Before you can expect employees to embrace a new system, you first have to listen to what they expect and what they fear. It’s not what you say but how you respond to what employees are trying to tell you. So welcome employees to voice their opinions through questionnaires, group meetings, or even comment boxes.
Step 2: Really listen
Really, it’s all about listening. You may assume employees are objecting to the change just to object or because they don’t want to explore other ways of doing business. But you may find that employees are simply worried about not being able to learn the new system or mistakenly think their job will be made more difficult. Acknowledge their fears, answer their questions, and communicate how they will benefit from the system.
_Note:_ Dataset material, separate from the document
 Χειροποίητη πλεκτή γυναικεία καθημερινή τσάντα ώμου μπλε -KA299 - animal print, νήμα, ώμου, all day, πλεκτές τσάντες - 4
Step 3: Identify Influencers
Just think of all of the books sold simply because Oprah recommended them. Take time to familiarize yourself with the hierarchy of influence within your organization and identify those who are consistently sought out for advice. These individuals should be approached during the infancy of your campaign to recruit them as allies.
Step 4: Start Small
Before introducing the new system to the entire company, start with a small pilot group made up of key stake holders and influencers. By starting small, you can work out any kinks early and use questions, common errors and feedback to create a more comprehensive and informative training program.
Step 5: Training is Key
Create a well-organized and inclusive training program to introduce employees to the system. Setup multiple information sessions and even make training videos or starter guides and post them on the company’s intranet or shared drive for easy access. Also consider making training mandatory but provide multiple sessions at convenient locations so employees can attend the session that fits best into their schedule.
Step 6: Be Available
No matter the amount of information you provide to your employees there will always be questions. If you cannot make time to answer incoming questions, setup a help line, help forum, or peer training program so employees can ask and get answers to question they may have about the system. If employees know they will have access to help along the way, they will be more likely to comply with or even welcome the new system.